Ce chapitre évoque la poursuite et l’extension des efforts de restauration dans la troisième phase du Plan Rhône-Saône (2021-2027). Il met en avant l’intégration des enjeux liés au changement climatique, la nécessité de mobiliser davantage d’acteurs, de partager les bonnes pratiques, et d’adopter une approche territoriale comportant la dimension sociale, économique et écologique. La stratégie vise à atteindre une gestion durable, une meilleure coordination des actions, et une intégration plus forte des enjeux socio-économiques pour renforcer la résilience des milieux humides face aux défis futurs.

Points clés

La restauration des zones humides joue un rôle majeur dans la régulation du climat et la séquestration du carbone.
Plusieurs projets, comme la reconversion de prairies et la renaturation de marais, ont permis de restaurer des milieux riches en biodiversité tout en contribuant à la lutte contre le changement climatique par le stockage de carbone.

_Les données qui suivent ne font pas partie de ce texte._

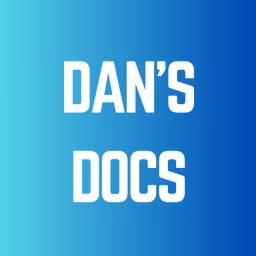 Dan’s Docs 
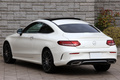 2019 Mercedes-Benz C CLASS C180CP SPOILER RESAEXC CP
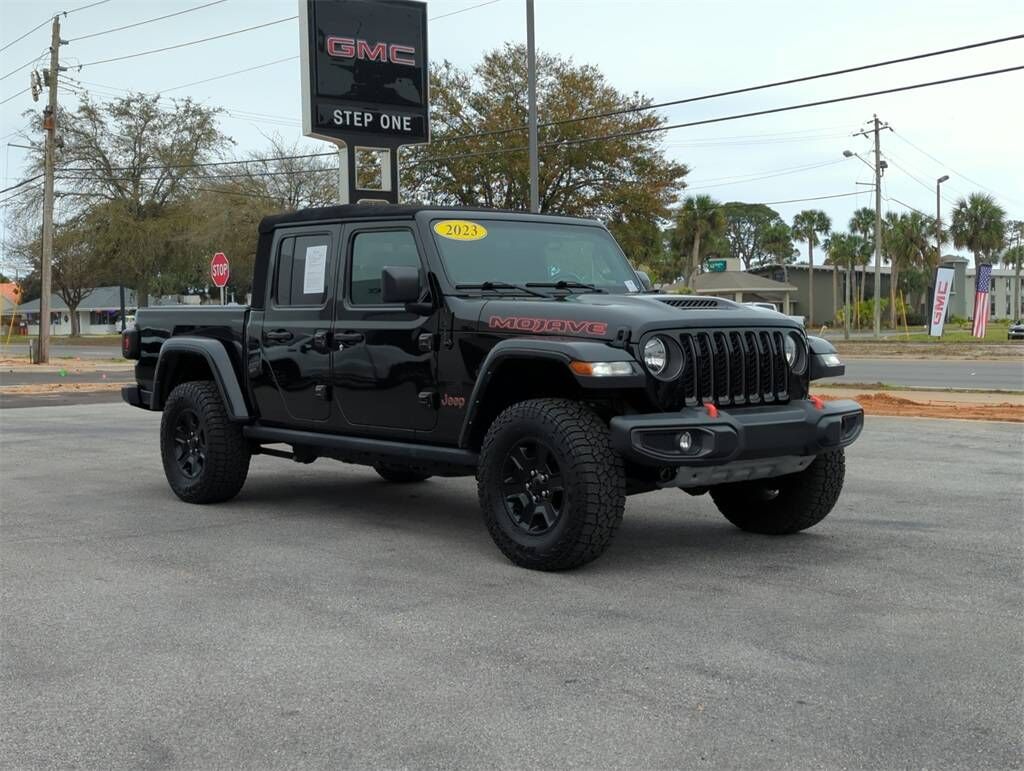 2023 JEEP Gladiator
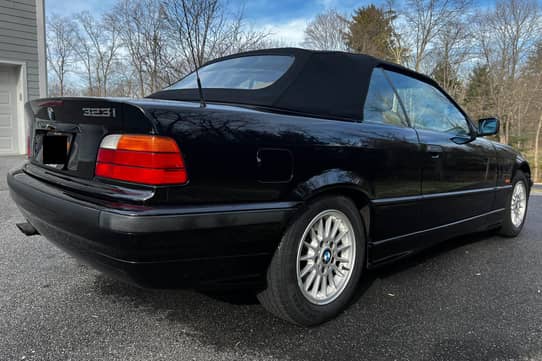 CAPOTE DÉCAPOTABLE 3661100047 Pour BMW 318i 323i 325i 328i M3 E36 - Foto 7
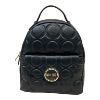 Immagine di MBRC Zaino da spalla in pelle di vitello backpack Made in Italy G359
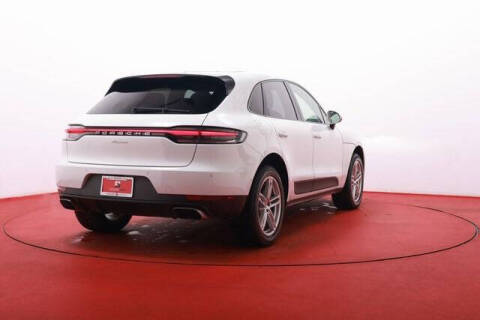 2021 Porsche Macan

La maîtrise foncière est un levier crucial pour la préservation durable des milieux naturels.
Les actions de maîtrise foncière, notamment via l’animation foncière, acquisitions, et conventions, ont permis de sécuriser 27,8 ha de zones humides, facilitant leur gestion et restauration à long terme.
L’animation territoriale et la concertation sont essentielles pour la réussite des projets de restauration de zones humides.
Une implication continue des acteurs locaux, partenaires et usagers a permis d’émerger des projets sur des sites comme l’Île Vieille ou le Marais des Planches, avec un fort investissement en sensibilisation et gestion collective.
La restauration hydrologique, par démeandrement et comblement de drains, est une action clé pour rétablir les fonctions naturelles des zones humides.
De nombreux projets, dont la Noue Rouge ou les îles de la Malourdie, ont démontré qu’en restaurant la connectivité hydrique, il est possible de renforcer la biodiversité, notamment pour les oiseaux, poissons et amphibiens.
Les pratiques de gestion adaptative, telles que la fauche tardive, le pâturage extensif et l’arrachage de ligneux, ont permis de maintenir la biodiversité sur des milieux sensibles.
Des sites comme Ouroux-sur-Saône ou le Marais de Lavours illustrent que ces actions, associées à des suivis scientifiques, améliorent la qualité des habitats tout en favorisant l’intégration des activités agricoles traditionnelles.
Le financement européen (FEDER) et les partenariats locaux sont déterminants pour la réussite des projets de restauration et de gestion des zones humides.
Plusieurs projets, tels que la restauration du marais des Communaux ou la renaturation du Marais des Planches, ont été rendus possibles grâce à l’engagement financier et technique des partenaires publics et privés.